Crise du logement à Manawan : Le chef Sipi Flamand interpelle directement le premier ministre Mark Carney et exige le respect de l'autodétermination

Le Conseil des Atikamekw de Manawan et Amnistie internationale Canada francophone unissent leurs voix pour presser le gouvernement fédéral d'agir face à l'urgence humanitaire qui sévit dans la communauté.

Sipi Flamand, chef du Conseil des Atikamekw de Manawan, a remis en main propre le rapport accablant sur la crise du logement au premier ministre du Canada, Mark Carney. Ce geste fort place le gouvernement canadien devant ses responsabilités directes vis-à-vis des conditions de vie inacceptables et du surpeuplement chronique qui violent les droits fondamentaux des membres de la communauté.

L’autodétermination au cœur de la solution

Le Conseil des Atikamekw de Manawan et Amnistie internationale Canada francophone appellent avec insistance que la résolution de cette crise passe impérativement par la reconnaissance et le respect du droit à l’autodétermination des Premières Nations. Les solutions au manque criant d'infrastructures doivent être définies, gérées et mises en œuvre par la communauté elle-même, et non dictées par l'appareil fédéral.
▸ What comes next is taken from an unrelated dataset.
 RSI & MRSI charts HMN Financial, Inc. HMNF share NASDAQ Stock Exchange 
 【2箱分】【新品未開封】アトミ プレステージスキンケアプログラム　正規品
Les deux organisations affirment qu'elles attendent désormais une réponse claire, officielle et assortie d'engagements financiers majeurs de la part du Canada.

 

« La crise du logement dans les Premières Nations exige une réponse immédiate et structurée. Nous demandons au gouvernement de prendre position sans équivoque à la suite du dépôt de ce rapport et d’engager les réformes nécessaires pour assurer un financement équitable et durable. Garantir à nos familles un accès à des logements adéquats et sécuritaires n’est pas un privilège : c’est une obligation fondamentale et une question de justice. » souligne Sipi Flamand, Chef de la communauté de Manawan.
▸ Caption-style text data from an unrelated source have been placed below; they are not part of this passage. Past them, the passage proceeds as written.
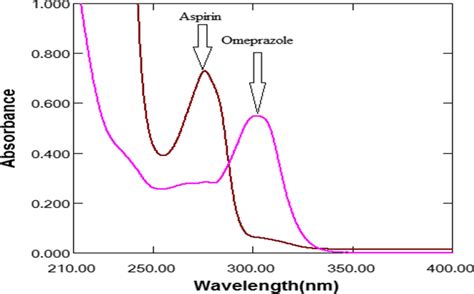 Zero order absorption spectra of ASP 100 μg mL OMZ 10 μg mL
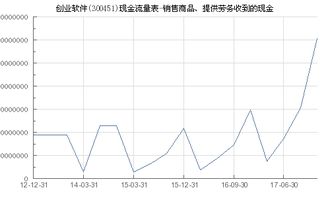 創(chuàng)業(yè)軟件 300451 銷售商品 提供勞務(wù)收到的現(xiàn)金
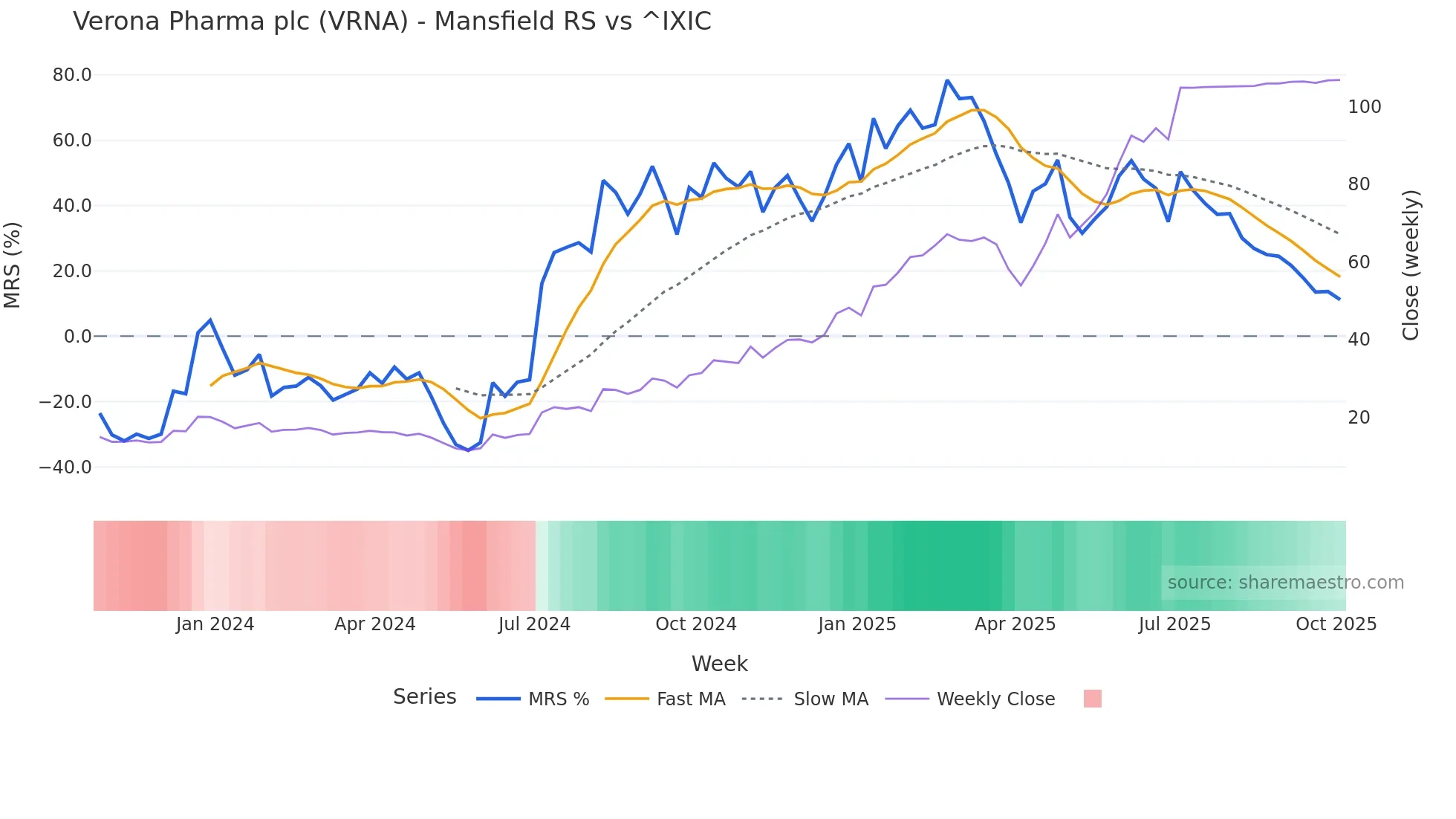 VRNA Mansfield Relative Strength chart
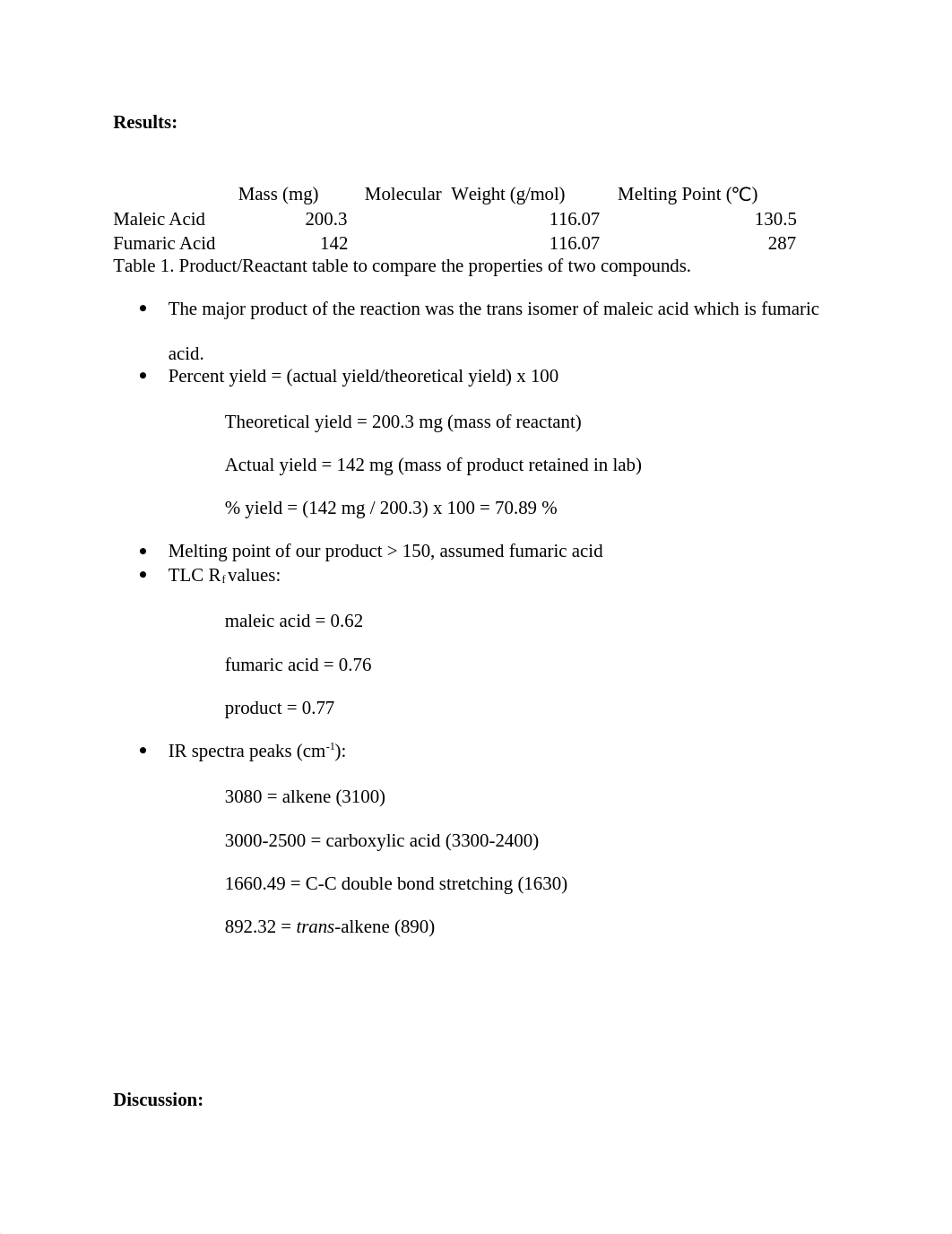 7.1 A results and discussion 3:3:17_dp5fp943fxk_page2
« Il est temps que le Canada respecte ses obligations internationales en droits humains et mettent en œuvre les recommandations des Nations unies pour un logement décent pour toutes les familles autochtones. Elles ont le droit de vivre dans la dignité et la sécurité. »

 France-Isabelle Langlois, directrice générale d’Amnistie internationale Canada francophone

Une absence de dialogue dénoncée

Au moment d’écrire ce communiqué, le Conseil des Atikamekw de Manawan déplore qu’aucune rencontre officielle n'ait encore eu lieu avec les ministères clés, soit :

· Services aux Autochtones Canada

· Logement et Infrastructures Canada

· Finances

Cette absence de dialogue direct est injustifiable compte tenu de la gravité de la situation mise en lumière dans le récent rapport d'Amnistie internationale. Le sous-financement chronique ne peut plus être ignoré. Le Conseil et son partenaire réitèrent que la réconciliation ne doit plus se limiter à des discours, mais se traduire par des actions politiques immédiates.